* [Description of the task] Write the data out again exactly, dropping any images it holds.

* [Supplied information]
────────
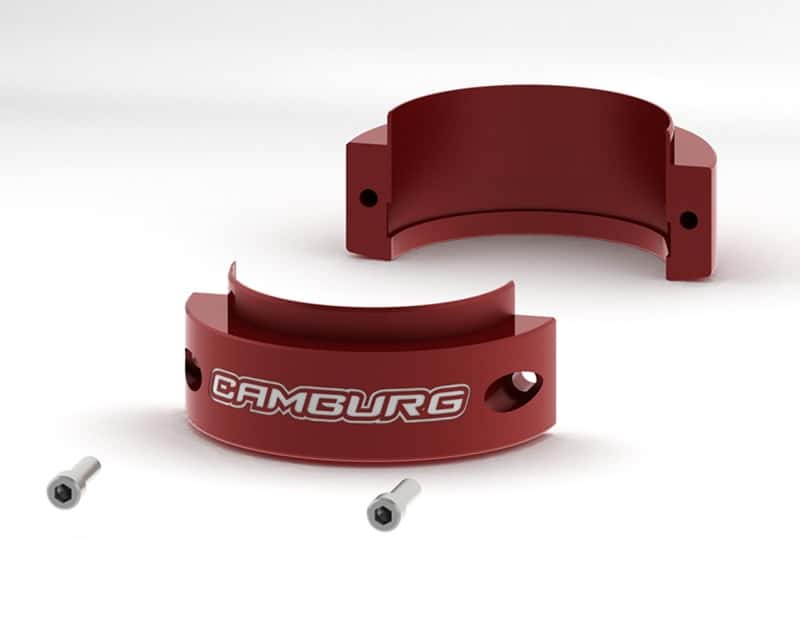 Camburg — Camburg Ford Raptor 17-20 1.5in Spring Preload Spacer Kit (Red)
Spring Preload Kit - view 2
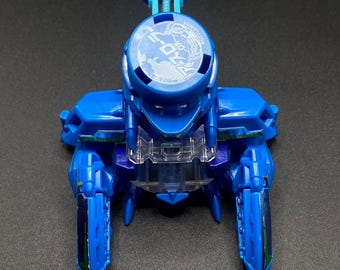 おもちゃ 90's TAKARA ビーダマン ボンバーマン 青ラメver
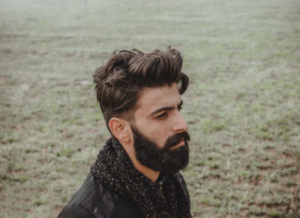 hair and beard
────────
* [Reply]
 Camburg — Camburg Ford Raptor 17-20 1.5in Spring Preload Spacer Kit (Red)
Spring Preload Kit - view 2
 おもちゃ 90's TAKARA ビーダマン ボンバーマン 青ラメver
 hair and beard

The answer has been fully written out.